Download the report — Tackling London’s Theft Epidemic (PDF) →

Crime that concentrates

London’s phone-theft epidemic was never a national one. Using Theft From Person as a proxy — most Theft From Person in London is mobile phone theft, and it is the measure published consistently across every force, so it allows a fair national comparison — London’s rate nearly tripled after 2014 while the rest of England and Wales actually fell.

London's phone-theft proxy nearly tripled since 2014, while the rest of England and Wales fell

Within London, the concentration is starker still. Rank every ward by phone theft and robbery and half of it happens in around 25 wards. The entire top quartile is just two wards — West End and St James’s, both in Westminster — which between them account for more than a quarter of all phone theft in the capital.

Map of London wards in quartiles of phone theft: half of all phone theft is in about 25 wards, and the top quartile is just two wards in Westminster

Narrow it to the top five wards and they account for a third of the citywide total, with the West End alone responsible for almost one in five thefts.

Bar chart: five wards account for a third of London's phone theft, led by the West End at 17.6 per cent

This is the concentration of crime effect, and it is the single most important fact for setting policing strategy. When a crime clusters this tightly you do not need to police everywhere at once: concentrate enforcement on the handful of places where the crime actually happens and you get results out of all proportion to the effort. That was the heart of my report — a strategy of targeted, intelligence-led enforcement in the hotspots, backed by a specialist team. I launched it with the Shadow Home Secretary, Chris Philp MP, and Dr Lawrence Newport of Crush Crime.

What happened next

Over the following year, the Met did exactly what the data pointed to. Officers concentrated operations on the worst-affected hotspots — the West End, Waterloo, the South Bank and Borough — and used drones as “eyes in the sky”, plain-clothes teams and Sur-Ron pursuit bikes to run down the snatchers on their illegally modified e-bikes. The Met’s Assistant Commissioner was explicit that neighbourhood policing had been maintained “particularly in the West End” — the very ward my report had flagged as the epicentre.

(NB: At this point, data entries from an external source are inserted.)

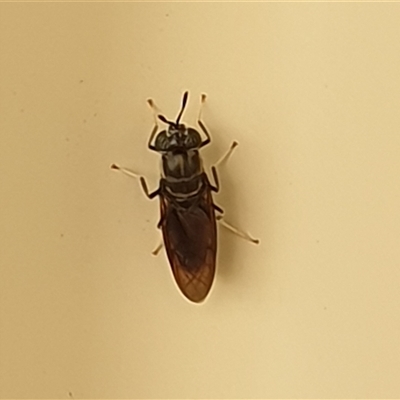 Unverified True fly (Diptera) at Copmanhurst, NSW - 25 Dec 2024 by MazzV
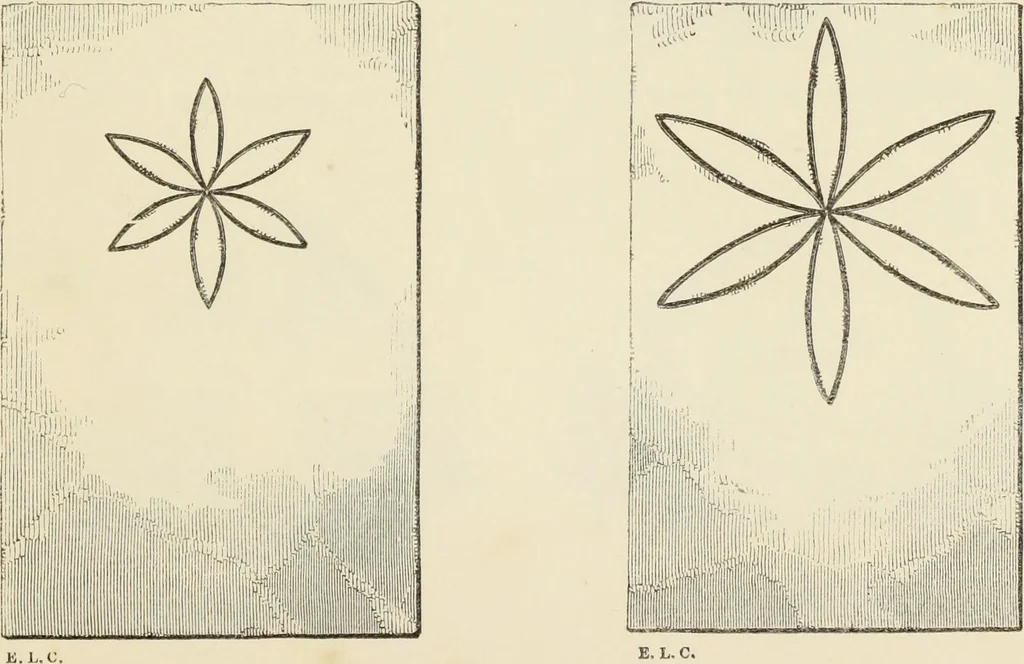 An illustration from A manual for the study of the sepulchral slabs and crosses of the middle ages, 1849, leaf 272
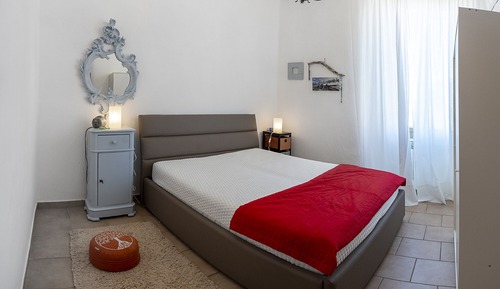 Basic Apartment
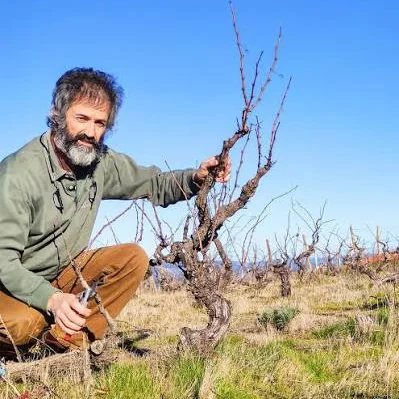 a podar uma cepa velha no inverno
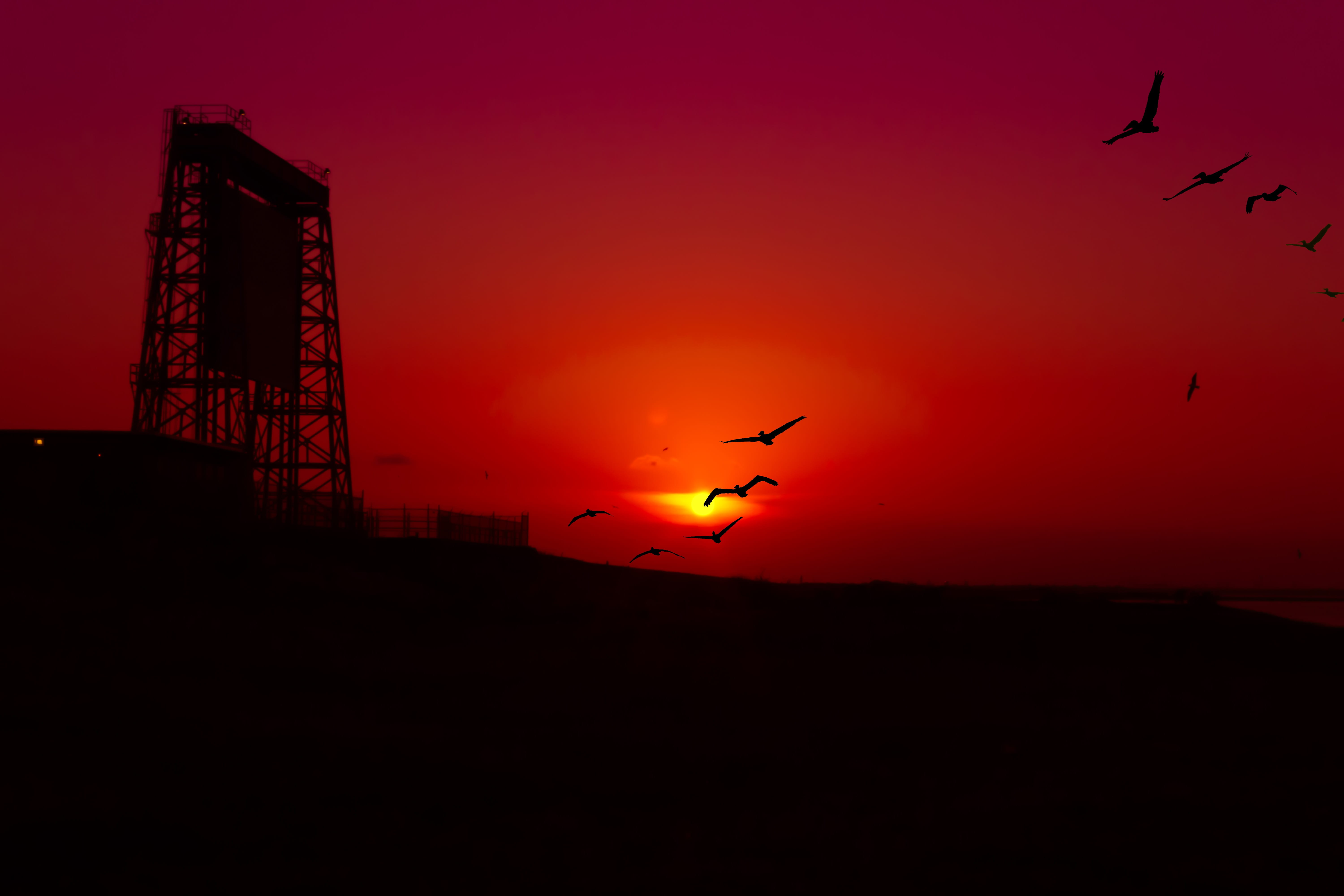 sky, nature, animal body part, no people, colorful, sunset, draw bridge, animal, dusk, red, sun, group of animals, coastline, skyline, pelicans, scenic, HD Wallpaper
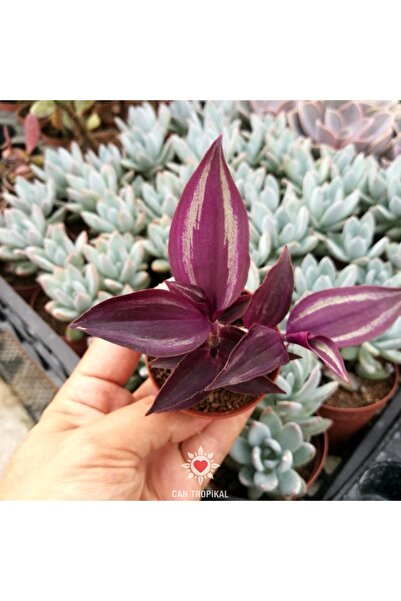 cantropikal Tradescantia Zebrina Purple Wonder Telgraf Çiçeği Sukulent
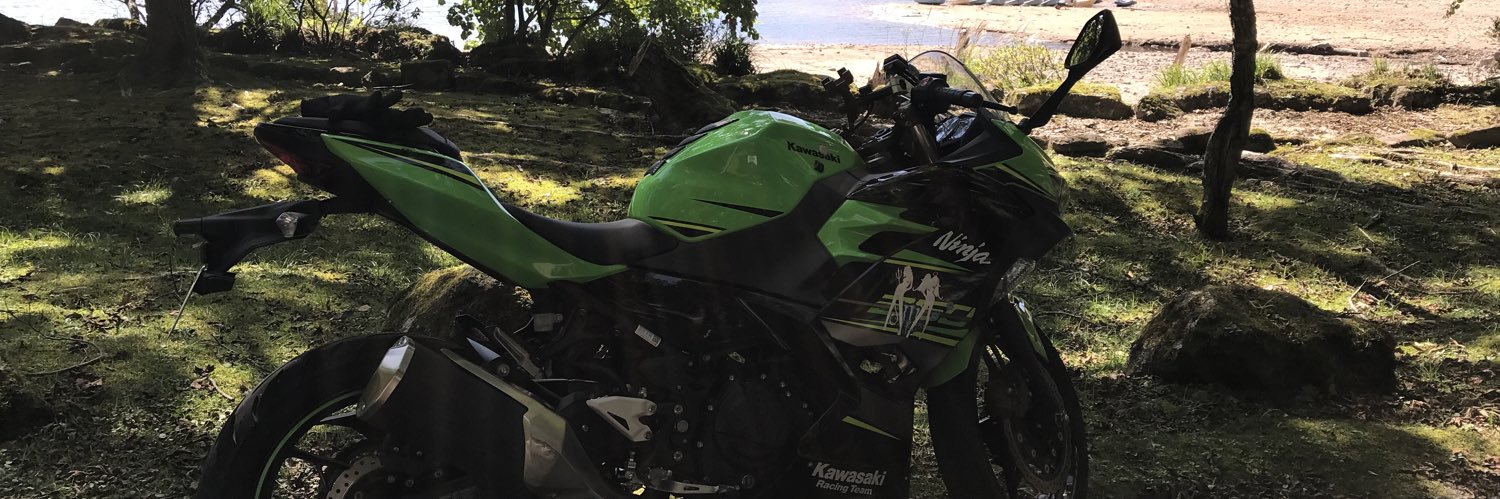 サクラモチノオー banner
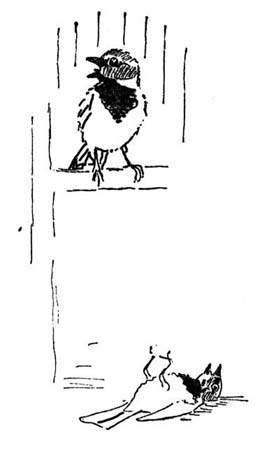 A living sparrow perched above a dead sparrow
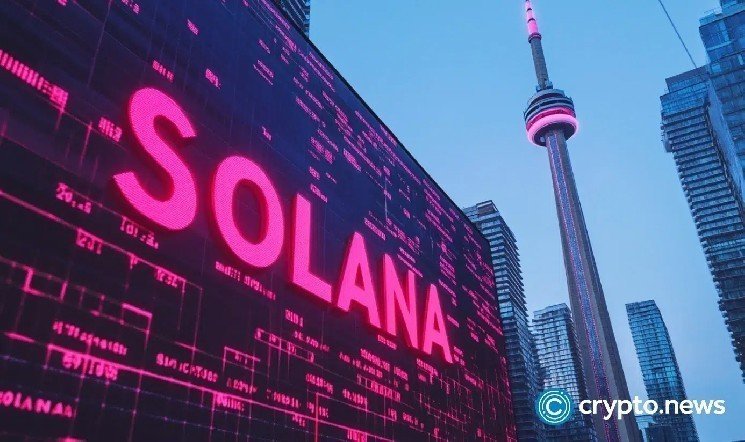 Solana price holds support at $197, why it can rally to $260 plus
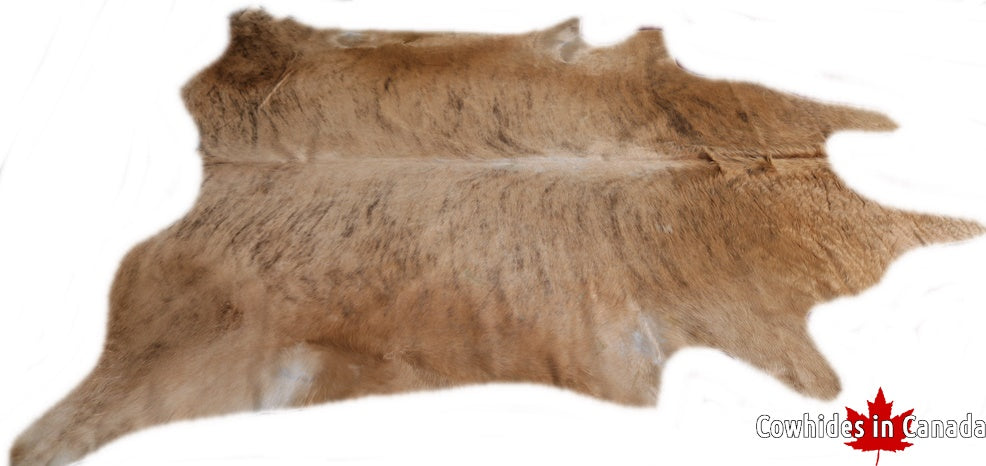 A  90051  Cowhide rug Collection Cowhides in Canada XXXL SUPER BIG SIZE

The result was the first fall in London’s phone theft since the Met began publishing the figures.

Bar chart: London phone theft fell for the first time since records began, from 79,000 in 2024 to 70,600 in 2025

And — exactly as the concentration-of-crime effect predicts — the fall was overwhelmingly driven by the same wards that drove the epidemic. Nearly four in five of the citywide reduction came from just five wards, led once again by the West End. Target the crime where it concentrates, and that is where the crime falls.

Bar chart: five wards explain 79 per cent of London's phone-theft fall, led by the West End

The Mayor’s blind spot

None of this came from City Hall. When the Mayor published his draft Police and Crime Plan at the end of 2024, phone theft — by then one of the crimes Londoners worried about most — barely rated a mention, reduced to a single line about phone manufacturers adding a “kill switch”. Bike theft did not appear at all. When I put it to him at Mayor’s Question Time, he had no answer.

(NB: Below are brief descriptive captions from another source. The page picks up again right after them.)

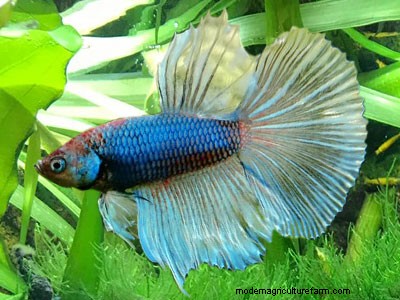 5 Best Fish for 5-Gallon Aquariums
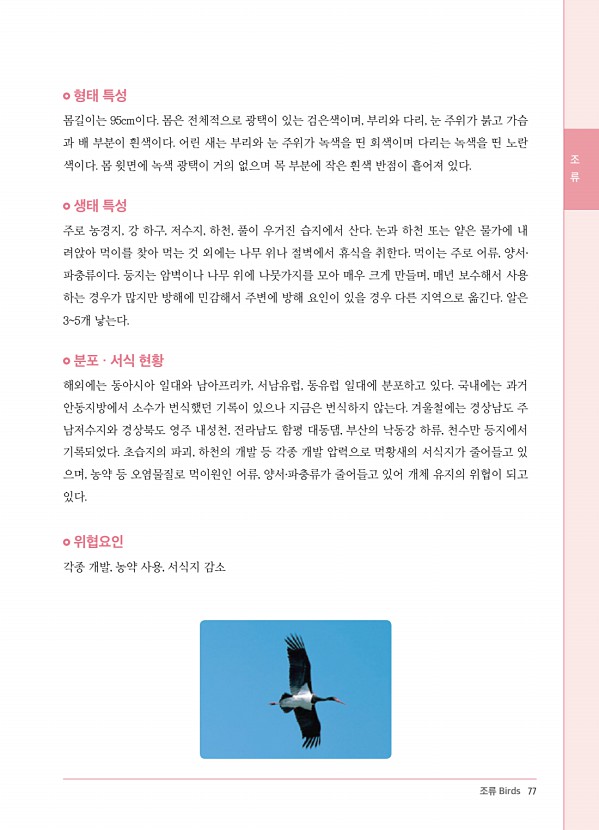 69페이지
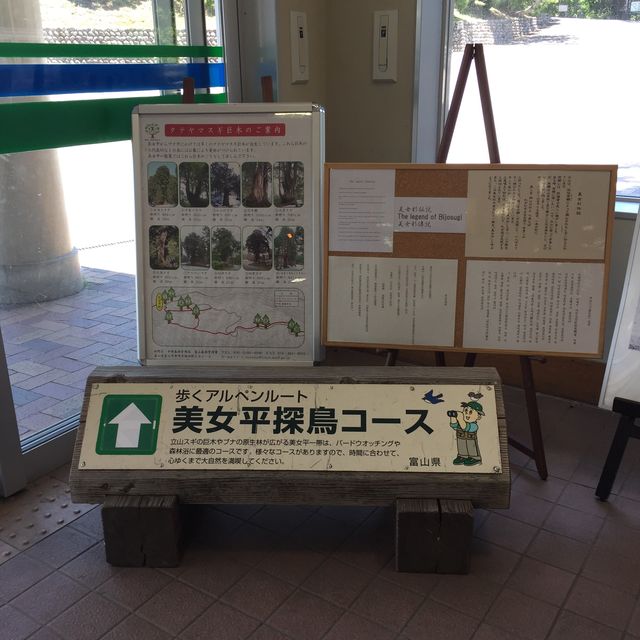 美女平 ｜自然探島步道🌲🌳🕊️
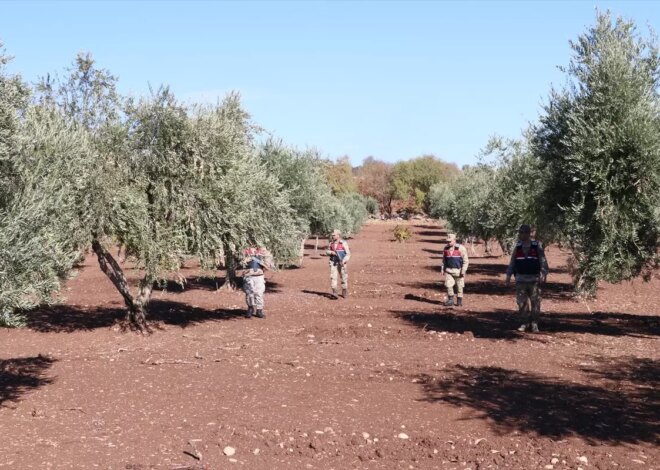 Kilis’te Zeytin Hırsızlığına Karşı Denetim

A YouGov poll I commissioned in January 2025 confirmed how far City Hall had drifted from the public: Londoners thought phone theft was a serious problem, many had already changed their behaviour because of it, and even Labour voters thought the Mayor was doing too little.

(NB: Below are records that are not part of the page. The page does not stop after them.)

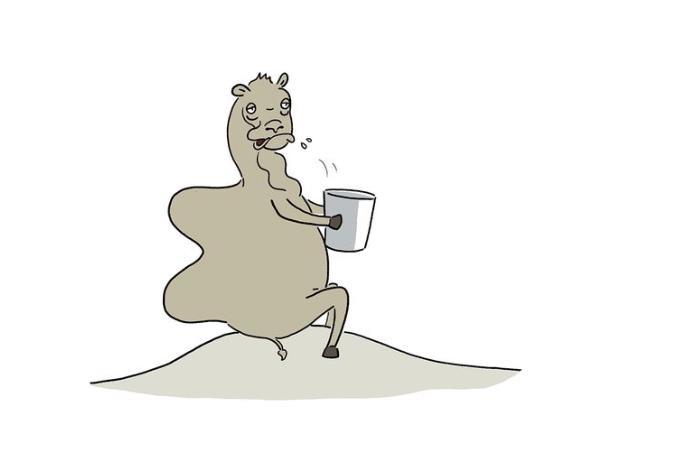 爆笑漫画:小骆驼口渴想喝水,却发现穷骆驼与富骆驼喝水的方式都不一样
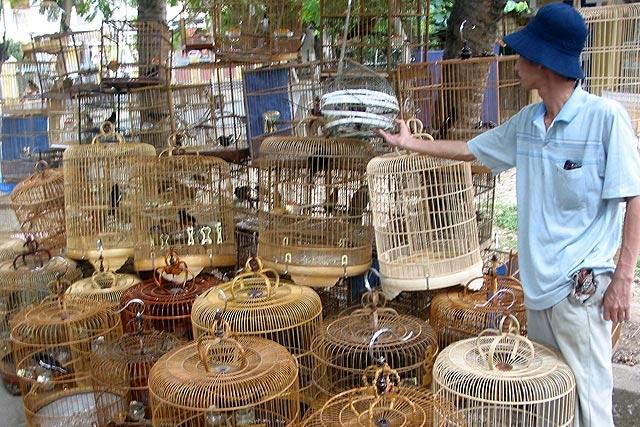 Things not to buy in Hue. Vietnamese forests are nearly void of wildlife due to the exotic pet trade and bushmeat trade.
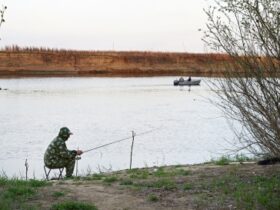 Žvejyba, užės, žuvys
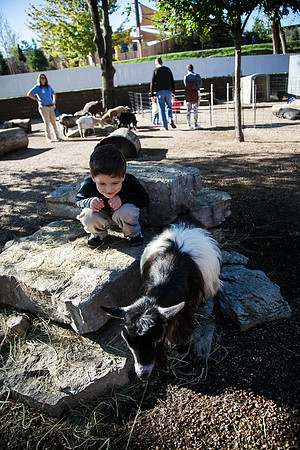 Zoo 2017-151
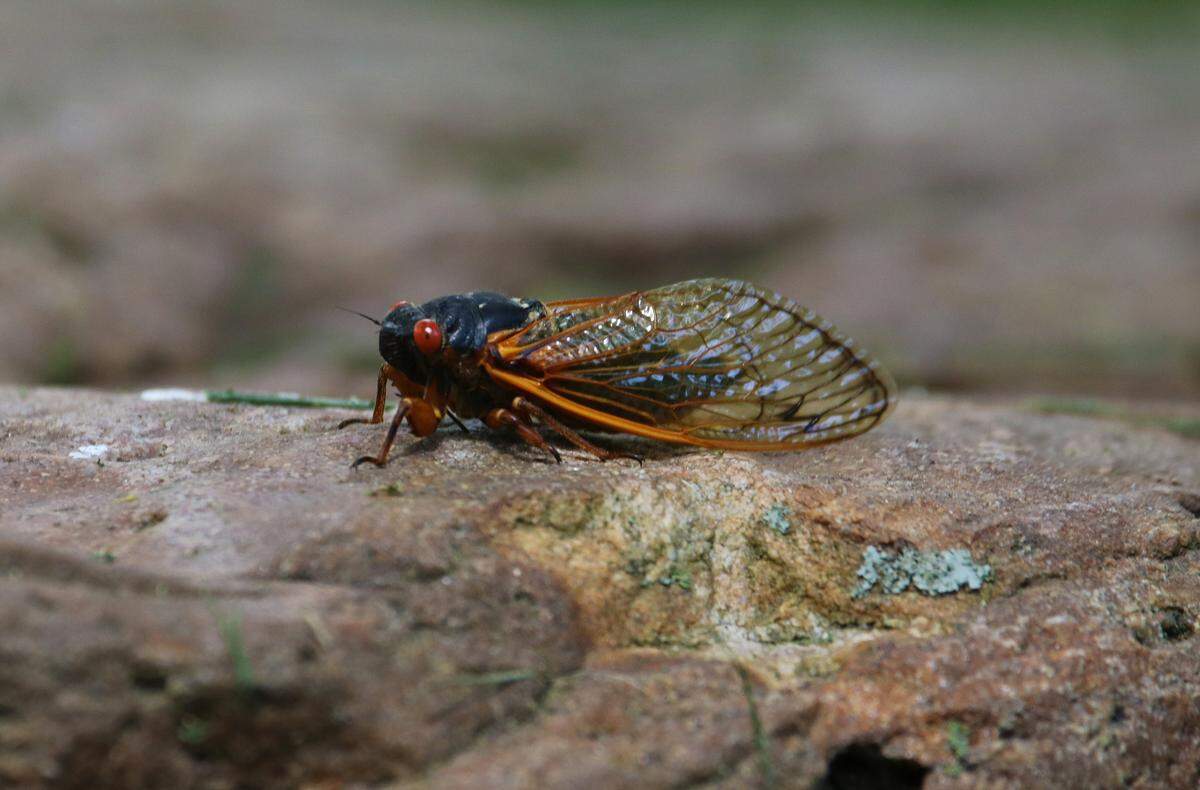 Two broods of periodical cicadas will emerge in Illinois this year once the soil warms up enough.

Throughout, neither the Mayor nor his Deputy Mayor for Policing and Crime showed any interest in the concentration-of-crime effect, or in how it could be used to point police resources at the places that would make the biggest difference. Even his belated response now tracks the same map — a new intelligence “command cell” in the West End, the very top of the rankings — though he still reaches first for the phone-makers’ “kill switch”. The strategy worked — but Londoners got the results despite City Hall’s plan, not because of it.